Steps for Making Your Creative Skills Stand Out in a Crowded Market
These days, the financial and technical barriers to independent creative work have decreased significantly. Almost anyone can own a fancy camera and an Adobe subscription, but if you attempt to compete with everyone who offers some form of digital wizardry, you'll only end up fighting for the attention of buyers who think you're just like everyone else. Strong business attributes, high quality, contextual experience, and expertise make your service potentially viable in the marketplace, but your uniqueness is what generates demand.
Stop focusing on what your competition is doing, and instead focus on the things that you control. Potential clients need to understand what differentiates you from other people who do (approximately) what you do, and they will base those opinions on what they see, hear, and read. Your work can't just speak for itself—you need to give it context. You also need to create opportunities for buyers to get to know you and realize how well you fit with them and their projects.
The following steps show you how to present your creative business as an exciting alternative within your niche or local market, with the goal of helping clients to find, hire, and pay you for your creative work.
Step 1: Hone Your Creative Vision
Your business needs a marketable, repeatable approach to the work of being creative on demand. If you want more work, make your vision understandable for your potential clients:
- Identify what's most important to you as an artist. If you're a photographer, do you love capturing weather systems? Fashion? Theater?
- Clarify and describe your creative approach in words. A photographer's composition, point of view, use of light, focal length, and styling are all part of the approach. Condense that information in a way that will be understood by non-photographers who can pay you for that creativity.
- Make your creative vision a distinguishable visual theme across your work. Everything you show on your websites and in your portfolios should fit that theme.
Step 2: Document Your Process
To generate more revenue over time, you need to be able to repeat successful actions. Document the process by which you have moved clients successfully from first contact through a finished project. As you fine-tune this description and share it with prospects, you'll find that they become more comfortable earlier in the sales experience.
Step 3: Build Additional Value
In general, buyers feel that the pool of creative talent is quite deep.

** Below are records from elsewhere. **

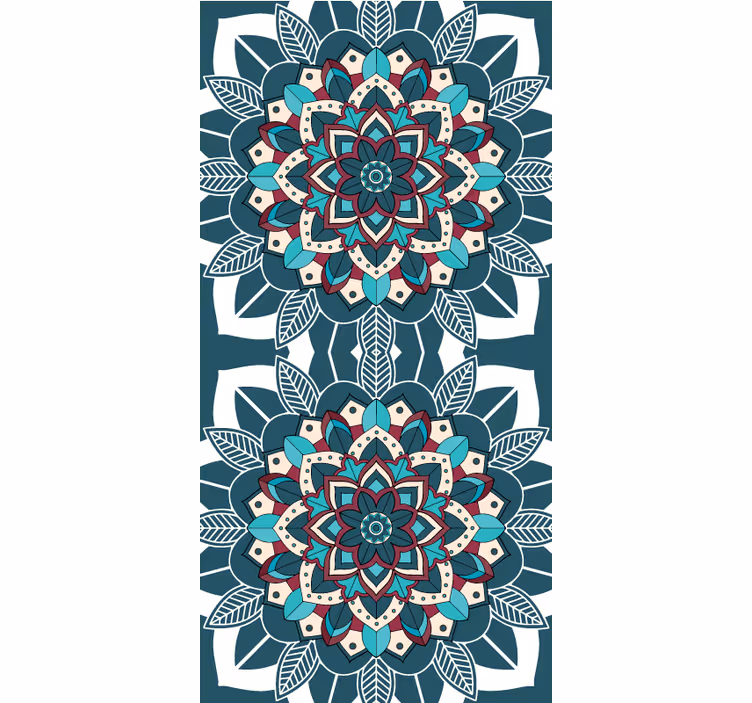Elegant blue tiles pattern roller blind - TenStickers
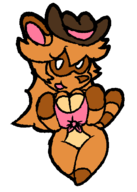 1girl animal_crossing anthro artist:unknown breast_squish breasts cleavage colored furry fusion huge_breasts looking_at_viewer oc princess_peach seducing seductive super_mario tax_queen tom_nook // 440x615 // 27KB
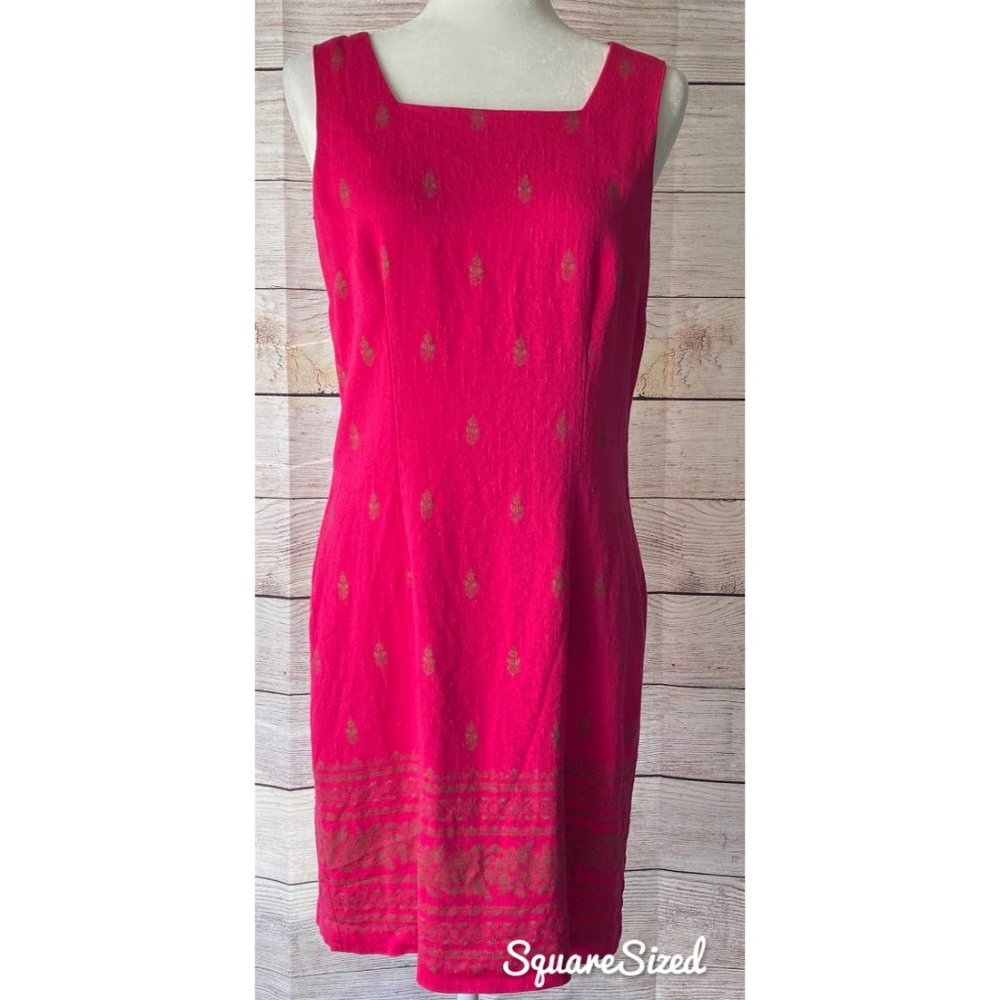Size 14 pink Vintage sleeveless Dawn Joy dress, midi length, slubbed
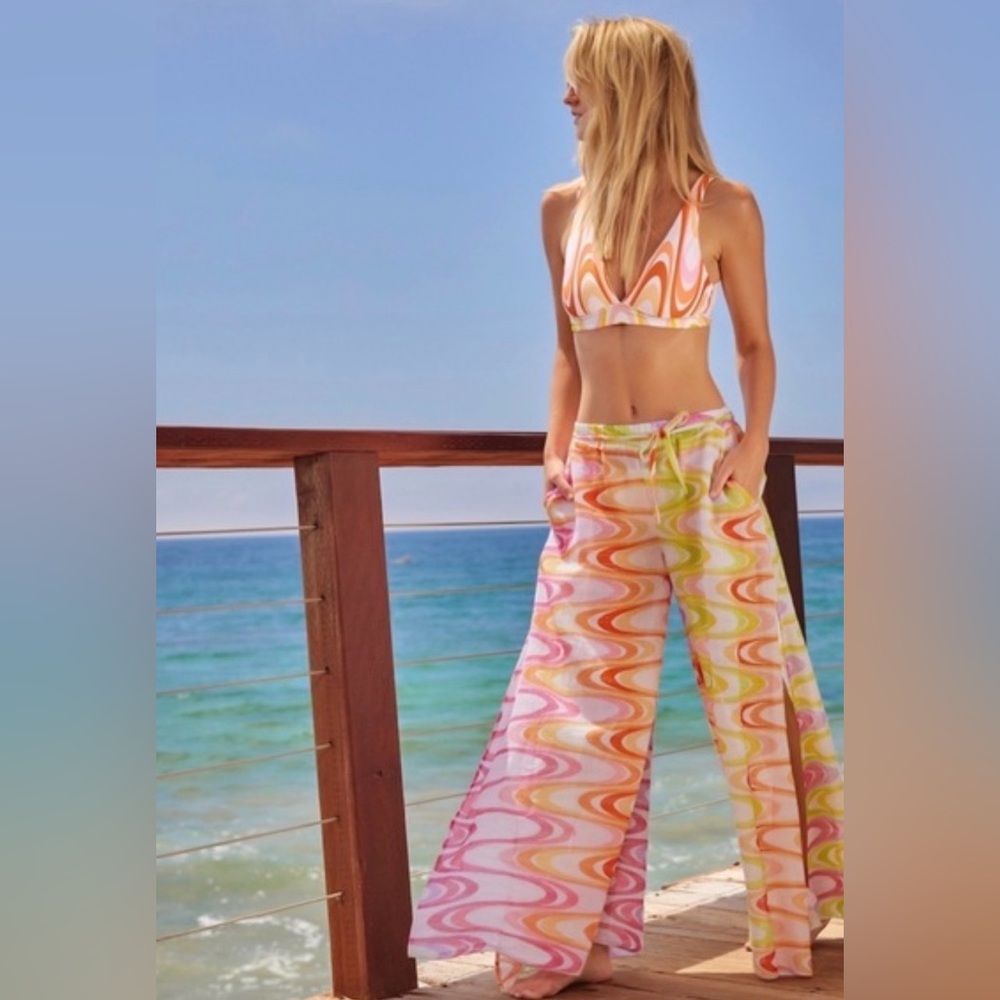 Becca by Rebecca Virtue Whirlpool Woven Cover-Up Palazzo Pants Sz M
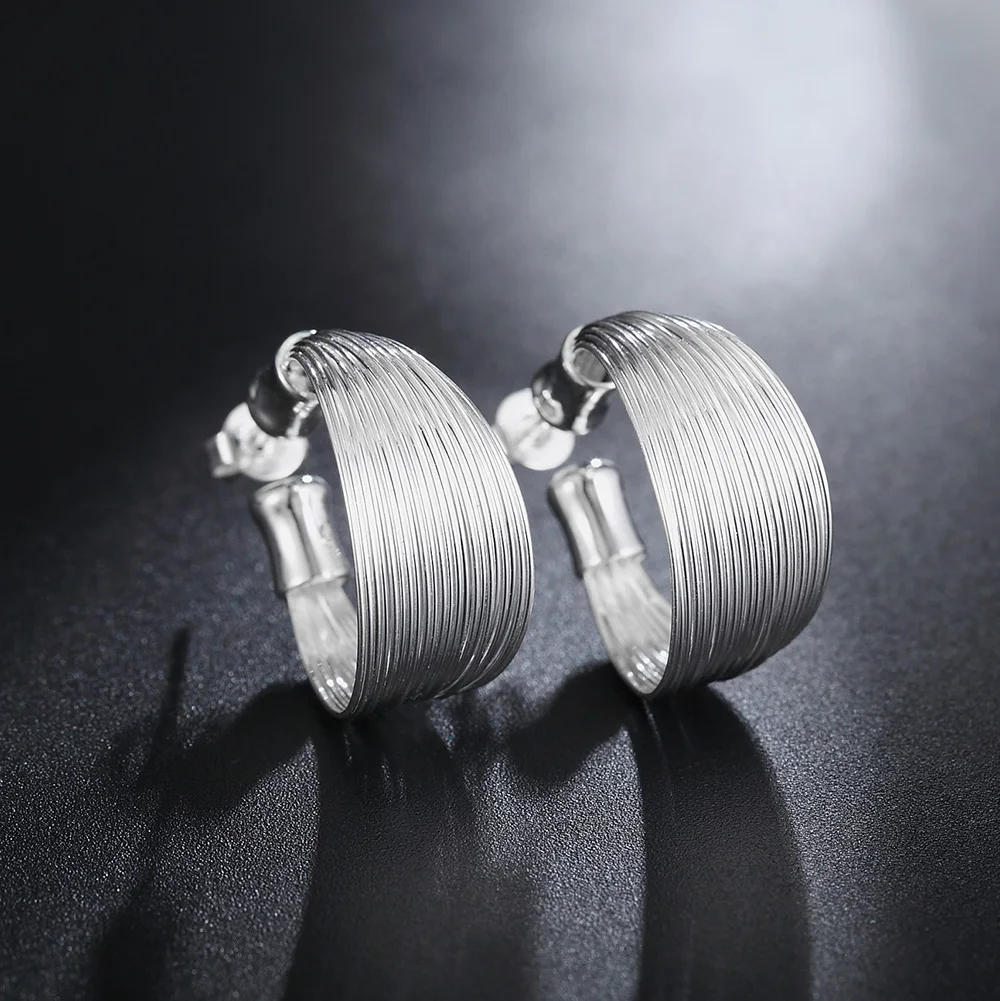 AGLOVER New 21MM 925 Sterling Silver Multi-line Hoop Earrings For Women Fashion Jewelry Christmas Gift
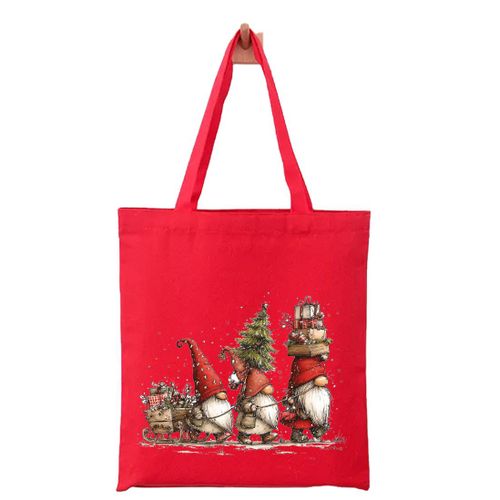 Red Christmas tote bag Beige High quality 100% linen handbag with distinctive design and shapes, multi-use (travel/lecture/club/work) three Christmas Gnomes carrying gifts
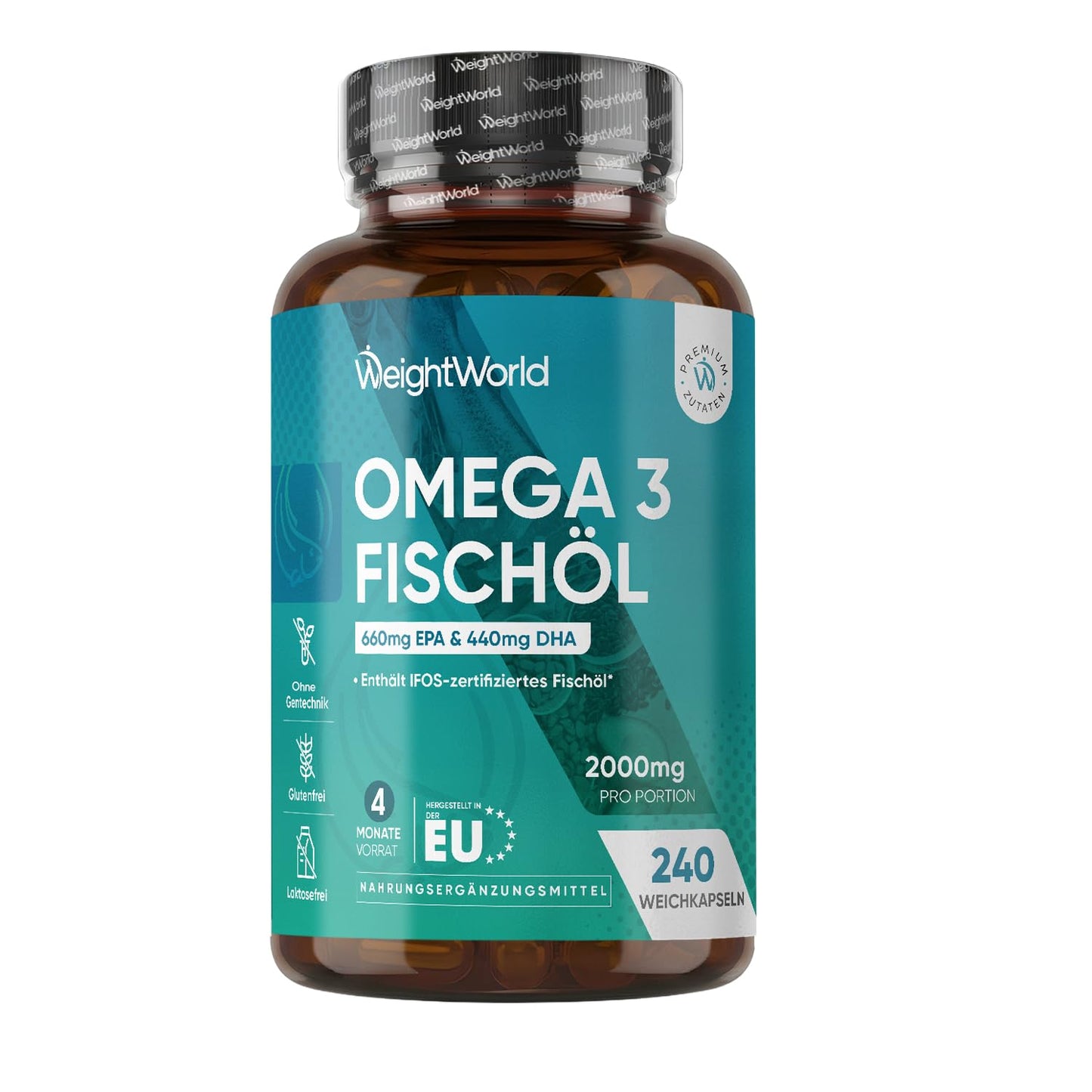 Omega-3 kapsulas WeightWorld, 2000mg zivju eļļa, 660mg EPA un 440mg DHA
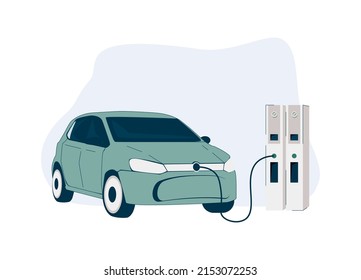 Electric car or electrocar urban environment friendly transportation. Website banner template with electric car, flat vector illustration.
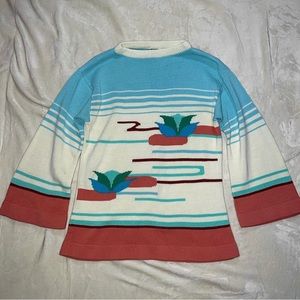 Vintage lily pond flare sleeve sweater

Therefore, you need to offer something that makes working with you especially beneficial to your potential clients. Look for ways in which you can exceed the call of duty and go beyond the creative work (without spending too much time or money), while making a notable impression on the client. Limousine pickup? A glass of wine? Online booking? What value can you offer that your competition doesn't? How can you make choosing you more enticing?
Step 4: Create Good Memories
Cheap prices and competency don't equal a lasting impression. Sincere conversation, laughter, pleasant surprises—experiences like these give people good feelings that live beyond the moment. Consider what you could change about your communication style or in your workflow to create special memories for clients.
Step 5: Develop an Auteur-Like Attitude
Creative work is a technical craft, but clients won't pay a premium for a button pusher. They want to buy brilliance, inspiration—creative "super-juice." Auteurs have a discernible vision that they can claim as their own. Think of film directors whose work consistently explores the same themes and ideas, regardless of cast, setting, or script. Make sure that your process documentation and your workflow reflect your unique vision.
Final Thoughts
If you want clients to be willing to pay for them, you must find the confidence to take control of your creative vision and process. Wrangling your artistic sensibilities is essential for making your creativity stand out in an increasingly noisy marketplace. After all, if you don't know what makes your work unique, how will potential clients be able to distinguish you from anyone else?